This should be performant, thread-safe and flexible enough for many uses:

#include <random>
#include <iostream>

template<typename Numeric, typename Generator = std::mt19937>
Numeric random(Numeric from, Numeric to)
{
    thread_local static Generator gen(std::random_device{}());

    using dist_type = typename std::conditional
    <
        std::is_integral<Numeric>::value
        , std::uniform_int_distribution<Numeric>
        , std::uniform_real_distribution<Numeric>
    >::type;

    thread_local static dist_type dist;

    return dist(gen, typename dist_type::param_type{from, to});
}

int main(int, char*[])
{
    for(auto i = 0U; i < 20; ++i)
        std::cout << random<double>(0.0, 0.3) << '\n';
}

Answer 4

If accuracy is an issue here you can create random numbers with a finer graduation by randomizing the significant bits. Let's assume we want to have a double between 0.0 and 1000.0.

On MSVC (12 / Win32) RAND_MAX is 32767 for example.

If you use the common rand()/RAND_MAX scheme your gaps will be as large as

1.0 / 32767.0 * ( 1000.0 - 0.0) = 0.0305 ...

In case of IEE 754 double variables (53 significant bits) and 53 bit randomization the smallest possible randomization gap for the 0 to 1000 problem will be

2^-53 * (1000.0 - 0.0) = 1.110e-13

and therefore significantly lower.

The downside is that 4 rand() calls will be needed to obtain the randomized integral number (assuming a 15 bit RNG).

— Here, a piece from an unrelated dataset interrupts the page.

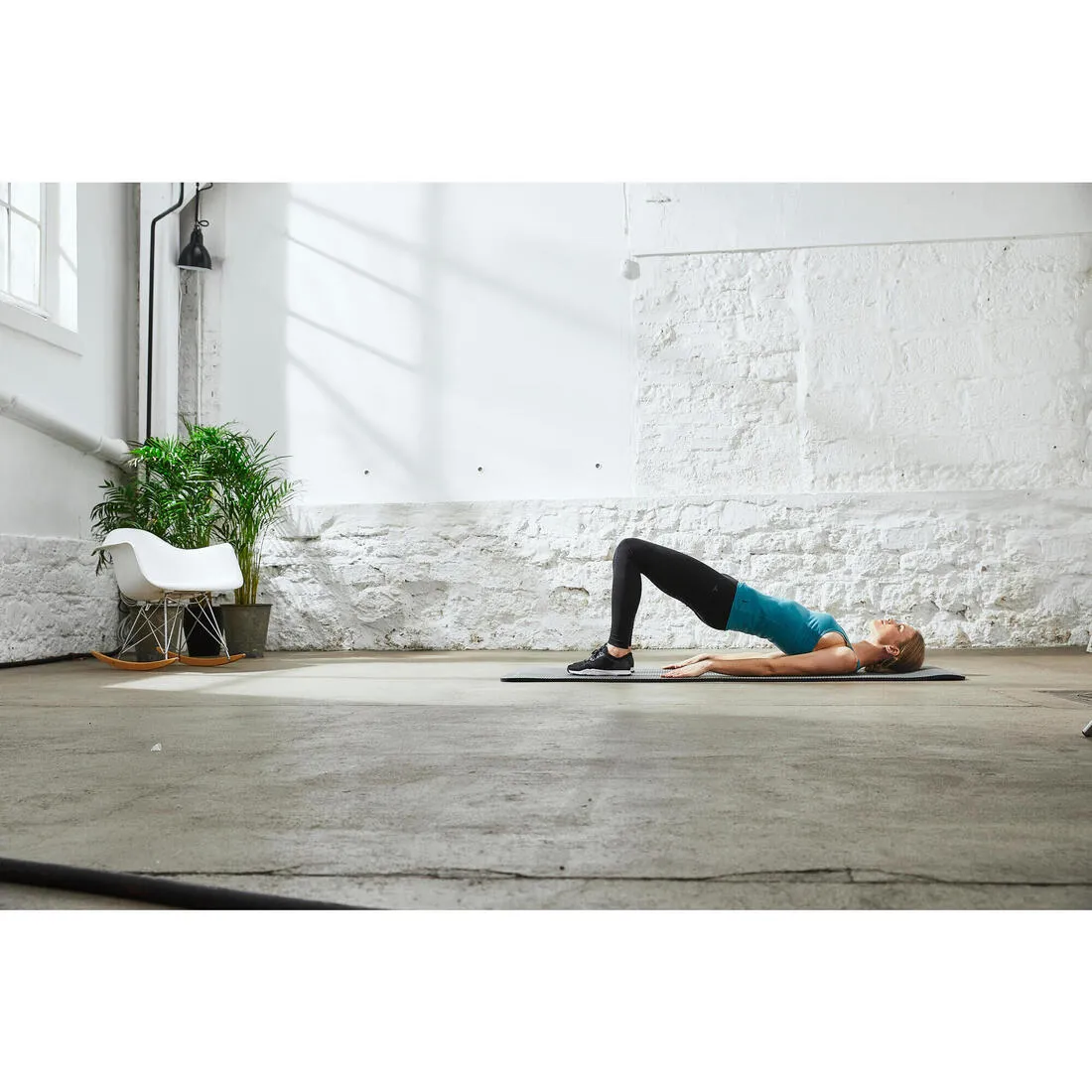 Women's Tightenable Straight Fitness Leggings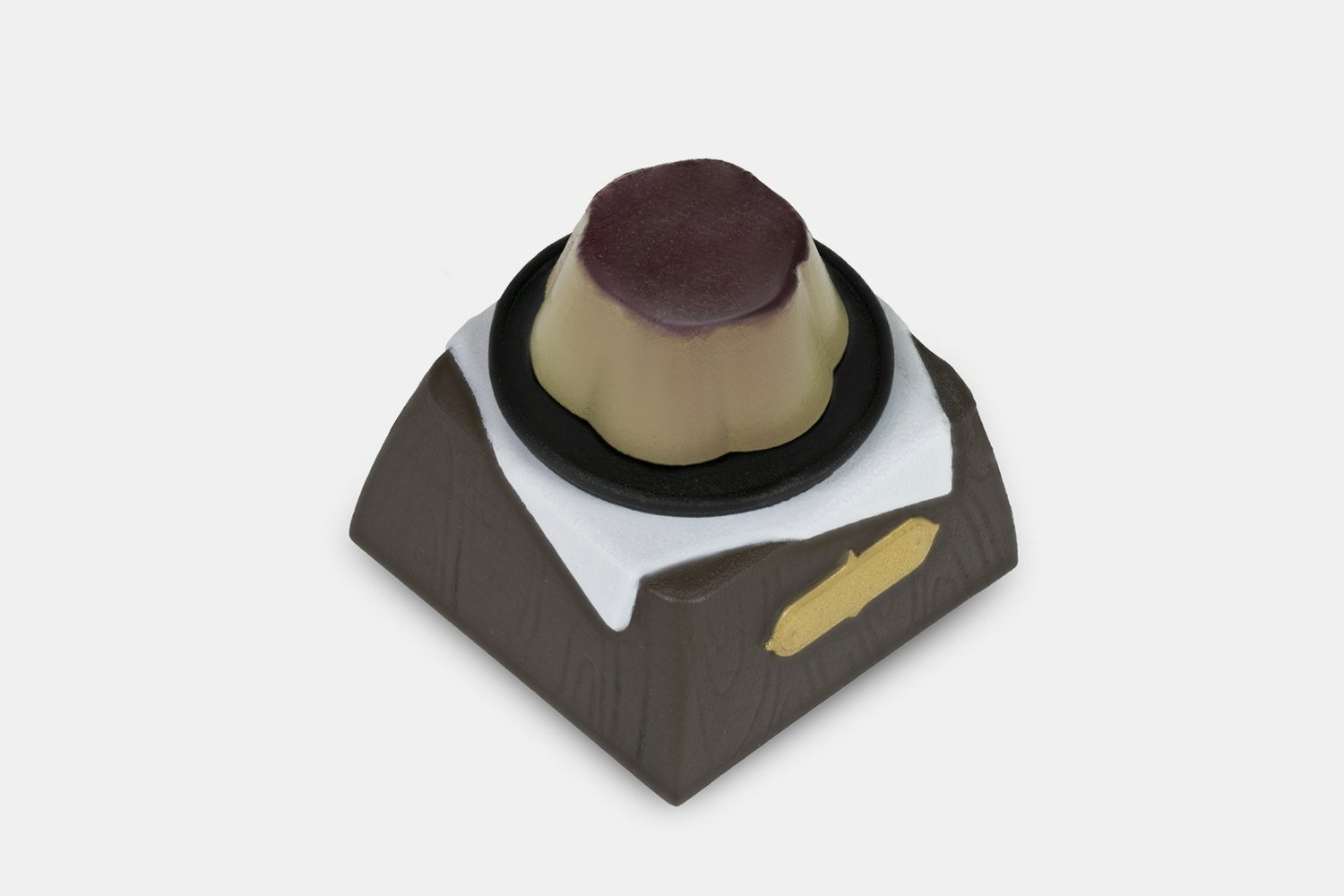 MOMOKA Turkey Artisan Interchangeable Keycap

double random_range (double const range_min, double const range_max)
{
  static unsigned long long const mant_mask53(9007199254740991);
  static double const i_to_d53(1.0/9007199254740992.0);
  unsigned long long const r( (unsigned long long(rand()) | (unsigned long long(rand()) << 15) | (unsigned long long(rand()) << 30) | (unsigned long long(rand()) << 45)) & mant_mask53 );
  return range_min + i_to_d53*double(r)*(range_max-range_min);
}

If the number of bits for the mantissa or the RNG is unknown the respective values need to be obtained within the function.

#include <limits>
using namespace std;
double random_range_p (double const range_min, double const range_max)
{
  static unsigned long long const num_mant_bits(numeric_limits<double>::digits), ll_one(1), 
    mant_limit(ll_one << num_mant_bits);
  static double const i_to_d(1.0/double(mant_limit));
  static size_t num_rand_calls, rng_bits;
  if (num_rand_calls == 0 || rng_bits == 0)
  {
    size_t const rand_max(RAND_MAX), one(1);
    while (rand_max > (one << rng_bits))
    {
      ++rng_bits;
    }
    num_rand_calls = size_t(ceil(double(num_mant_bits)/double(rng_bits)));
  }
  unsigned long long r(0);
  for (size_t i=0; i<num_rand_calls; ++i)
  {
    r |= (unsigned long long(rand()) << (i*rng_bits));
  }
  r = r & (mant_limit-ll_one);
  return range_min + i_to_d*double(r)*(range_max-range_min);
}

Note: I don't know whether the number of bits for unsigned long long (64 bit) is greater than the number of double mantissa bits (53 bit for IEE 754) on all platforms or not. It would probably be "smart" to include a check like if (sizeof(unsigned long long)*8 > num_mant_bits) ... if this is not the case.

Answer 5

For generating random numbers we can use the methods that our other friends told. I want to add a very important point here.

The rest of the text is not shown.